WHEATON, Ill. -- Wheaton College was delighted to have assistant professor Joshua Hochschild teach students about medieval philosopher Thomas Aquinas, one of Roman Catholicism's foremost thinkers.
But when the popular teacher converted to Catholicism, the prestigious evangelical college reacted differently. It fired him.
Wheaton, like many evangelical colleges, requires full-time faculty members to be Protestants and sign a statement of belief in "biblical doctrine that is consonant with evangelical Christianity." In a letter notifying Mr. Hochschild of the college's decision, Wheaton's president said his "personal desire" to retain "a gifted brother in Christ" was outweighed by his duty to employ "faculty who embody the institution's evangelical Protestant convictions."

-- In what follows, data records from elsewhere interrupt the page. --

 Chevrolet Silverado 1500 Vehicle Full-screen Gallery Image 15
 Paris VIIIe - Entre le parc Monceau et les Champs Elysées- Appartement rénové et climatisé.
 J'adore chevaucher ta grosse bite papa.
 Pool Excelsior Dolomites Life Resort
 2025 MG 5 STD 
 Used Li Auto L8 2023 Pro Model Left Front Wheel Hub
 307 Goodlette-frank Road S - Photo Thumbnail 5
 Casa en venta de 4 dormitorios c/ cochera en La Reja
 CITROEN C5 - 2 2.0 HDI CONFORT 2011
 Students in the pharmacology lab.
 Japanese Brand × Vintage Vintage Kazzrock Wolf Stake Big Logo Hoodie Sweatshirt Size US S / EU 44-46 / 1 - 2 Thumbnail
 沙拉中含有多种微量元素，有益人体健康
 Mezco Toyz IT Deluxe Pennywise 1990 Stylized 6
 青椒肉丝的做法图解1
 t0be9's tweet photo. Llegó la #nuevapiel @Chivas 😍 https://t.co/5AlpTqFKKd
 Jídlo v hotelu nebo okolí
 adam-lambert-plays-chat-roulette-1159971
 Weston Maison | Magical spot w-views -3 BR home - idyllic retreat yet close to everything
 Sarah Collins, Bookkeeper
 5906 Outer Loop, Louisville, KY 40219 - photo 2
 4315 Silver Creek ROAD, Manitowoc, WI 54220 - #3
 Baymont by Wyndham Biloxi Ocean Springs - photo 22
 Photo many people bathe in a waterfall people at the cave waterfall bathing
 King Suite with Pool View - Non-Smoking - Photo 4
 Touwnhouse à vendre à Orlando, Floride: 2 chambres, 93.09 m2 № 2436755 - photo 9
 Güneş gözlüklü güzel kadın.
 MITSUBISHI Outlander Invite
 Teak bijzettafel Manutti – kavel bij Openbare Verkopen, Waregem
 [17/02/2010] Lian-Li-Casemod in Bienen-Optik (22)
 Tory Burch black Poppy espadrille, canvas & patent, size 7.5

Mr. Hochschild, 33 years old, who was considered by his department a shoo-in for tenure, says he's still willing to sign the Wheaton faith statement. He left last spring, taking a 10% pay cut and roiling his family life, to move to a less-renowned Catholic college.
Mr. Hochschild's dismissal captures tensions coursing through many of America's religious colleges. At these institutions, which are mostly Protestant or Catholic, decisions about hiring and retaining faculty members are coming into conflict with a resurgence of religious identity.